The PEAC Act will be effective in Virginia as of July, and is also currently being reviewed in California.
|Uniform Fiduciary Access to Digital Assets Act||UPrivacy Expectation Afterlife and Choices Act|
|Backed by: Uniform Law Commission, a non-profit of lawyer-only members from each state||Backed by: NetChoice, a coalition for technology companies|
|Goal: To grant fiduciaries, as appointed by original account holder, access and authority of one's online accounts — including email, text messages, blogs, ecommerce and those not yet invented — upon death or incapacitation.||Goal: To grant fiduciaries, as appointed by original account holder, access to view the “outside of the envelope” information — such as the company with which the account holder had an account and time stamp of communication — without access to the contents, unless explicitly written.|
Both bills, or a compromise of the two, would help financial advisers transfer their deceased clients' funds to family members. But financial advisers warn that they shouldn't wait for laws. "Bottom line is that consumers have to be better prepared — with or without this legislation," said William Bissett, a financial adviser with Secrest Blakey & Associates in Davidson, N.C.

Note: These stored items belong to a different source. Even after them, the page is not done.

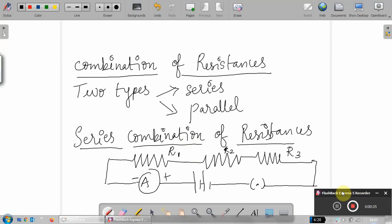Let's discuss one by one. First, series combination of resistances. You can see I have drawn a diagram over here. I have connected three resistances — R1, R2 and R3 — different resistances connected in series. What do you understand by the term connecting resistances in series? The three different resistors are connected one after another so that there is only one way for the current to pass through.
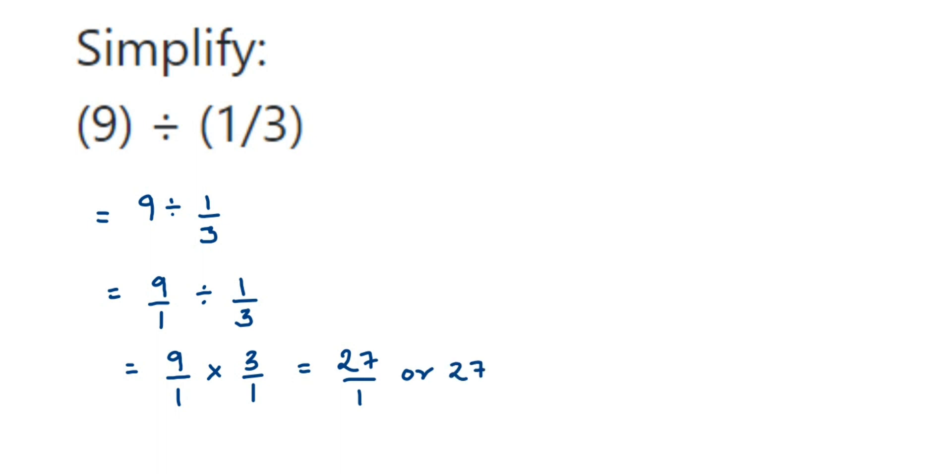I hope this question is clear. It's a really simple one; it can come for one mark. If you have any other questions or doubts, you can drop a comment. Thank you so much for watching.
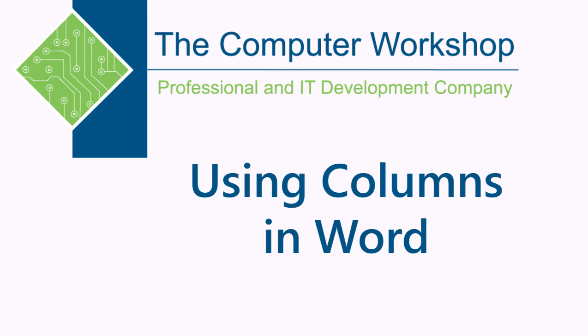Hello everyone and welcome to this week's video. My name is Lee, back again with another look at a feature in Microsoft Word. Today we're going to be taking a look at using columns in your Word document.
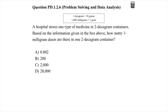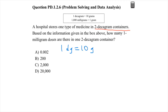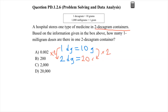First, I need to find how many grams are in a two-decagram container. Since one decagram equals 10 grams, I'll use a proportion. One decagram equals 10 grams, so two decagrams — I multiply both sides by two — gives 10 times 2, which equals 20 grams. So two decagrams is equal to 20 grams.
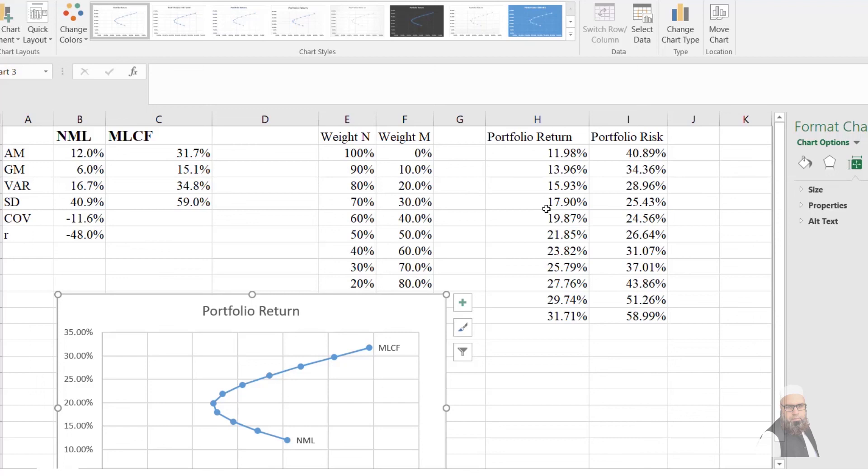In the next video I will explain how to compute the efficient frontier using multiple stocks — more than two. If you have any questions, you can contact us through WhatsApp, Facebook, or write in the comment section, and I will try to answer in the next videos. Thank you, take care.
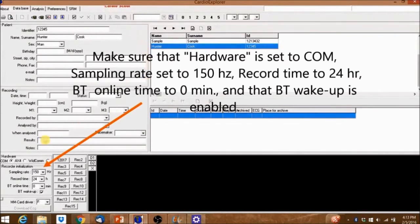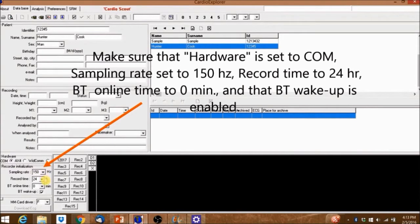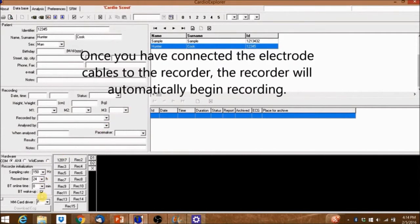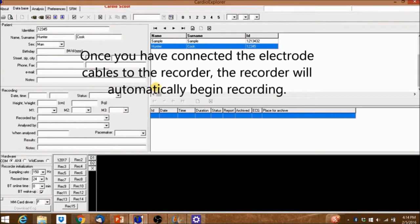Make sure that hardware is set to COM, sampling rate set to 150 Hz, record time to 24 hours, BT online time to 0 minutes, and that BT wake-up is enabled. Once you've connected the electrode cables to the recorder, the recorder will automatically begin recording.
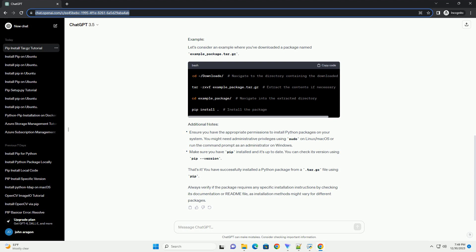Once the package is extracted or if it doesn't need extraction, you can use pip to install it. Make sure you are in the directory where the setup.py file is located, if present. This command will install the package using the setup.py file in the current directory.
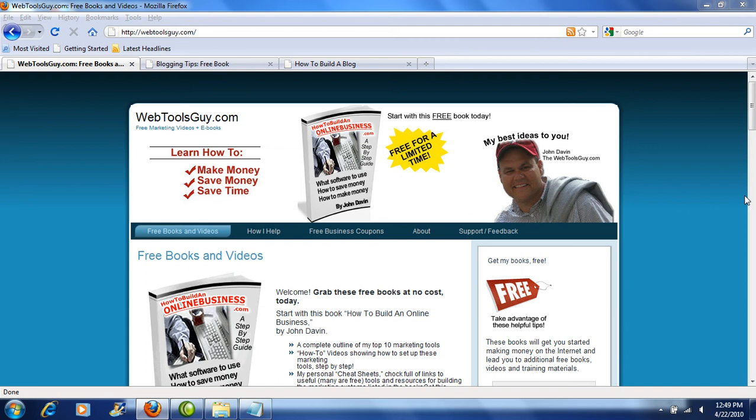This is John Davin, the Web Tools Guy. Today we're going to be answering a question many of you have asked me: should you use a WordPress blog to build your website? The answer for many of you will definitely be yes, and I'm going to show you how to do that and why to do that right now.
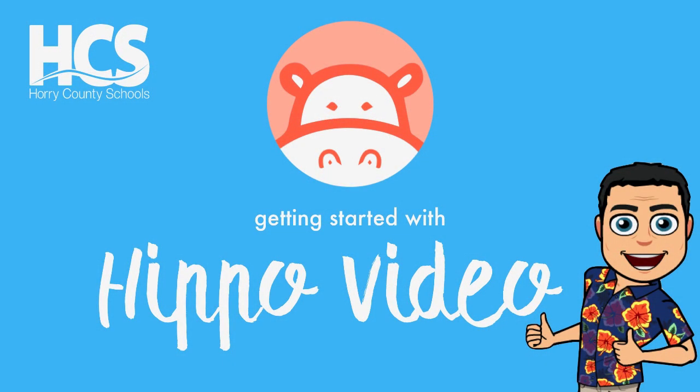Hello, I'm Grady Edwards, a digital integration specialist with Horry County Schools. Today, we will be exploring Hippo Video. Hippo Video is a web-based program and Chrome extension that can be used for screencasting, video recording, video editing, and quite a few other things.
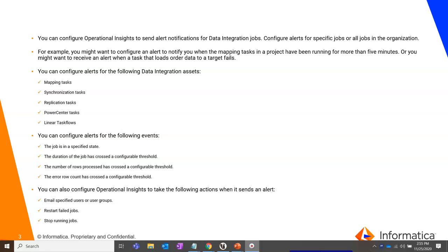You can receive notification on getting set anomalies within your Org and on receiving the notification on a timely manner, you can take necessary actions like restarting the jobs which are failed or running the jobs which stopped.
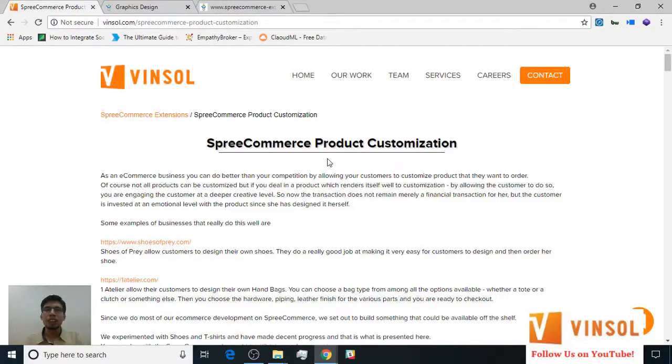Hello friends, this is Adiraj and today we are going to learn how to use this eCommerce product customization extension app by Winsall.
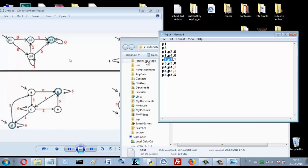For epsilon transitions, in my program I write a dollar sign — dollar means epsilon, meaning a null transition. For example, p4 to p3 with epsilon is written as p4, p3, dollar.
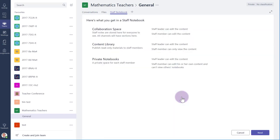The first screen is just an information screen. It explains the three different sections that will be created in the Staff Notebook. So let's just click Next.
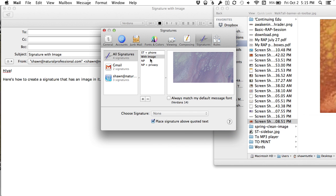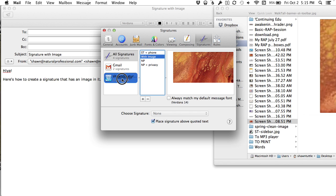And then make sure that you associate it with your email address. And so I drag the With Image down to my primary email address.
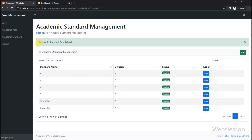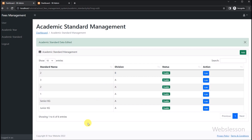So here in this part, we have learned how to edit or change academic standard data under the school fees management system. In the next part, we will learn how to use the soft delete feature to disable or enable academic standard data status under this school fees management system by using PHP script with MySQL database. So we will meet in the next part. Thank you for watching this tutorial.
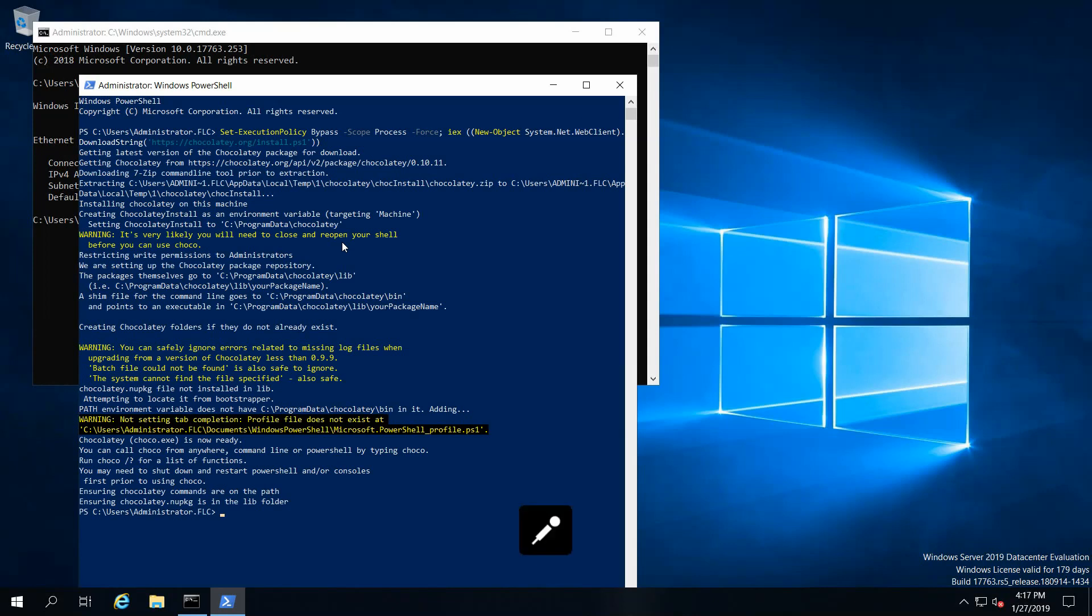Okay, Chocolatey is now installed. We'll check the Chocolatey version.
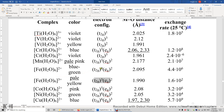Looking at the first few transitions from the ground term, they very likely absorb the opposite color of red and the opposite color of yellow in the color wheel. Because these transitions are spin-forbidden, the extinction coefficient is extremely low. That's why the colors are pale — pale pink and pale yellow.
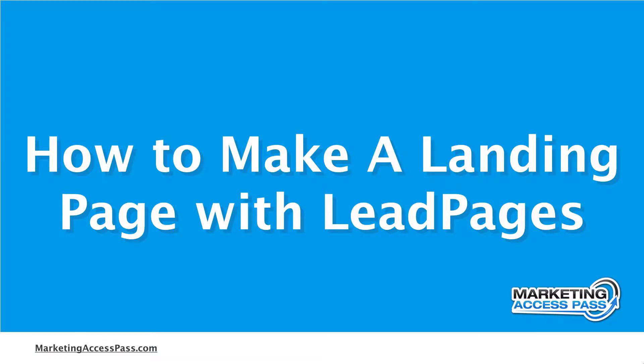Okay, so in this video, I'm going to show you how to make a landing page using a really cool tool that I like to use called Lead Pages. This thing is really awesome and I want to show you exactly how I do it. Check it out.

Advisers should be proactive by working with their clients and state attorneys to clearly write the language for how they would like their digital assets maintained after death, Mr. Bissett said. "Advisers should start to make sure digital assets are addressed in documents so that it's clear what their intent is," he said.
Mr. Bissett is also chief executive of Principled Heart, an online tool that organizes information for estate planning, including digital assets.
Kelly Pedersen, a financial planner and founder of Caissa Wealth Strategies in Bloomington, Minn., said she is in the middle of updating dozens of her clients' estate documents to address their digital assets.
"Many advisers are either not aware of or not paying attention," Ms. Pedersen said.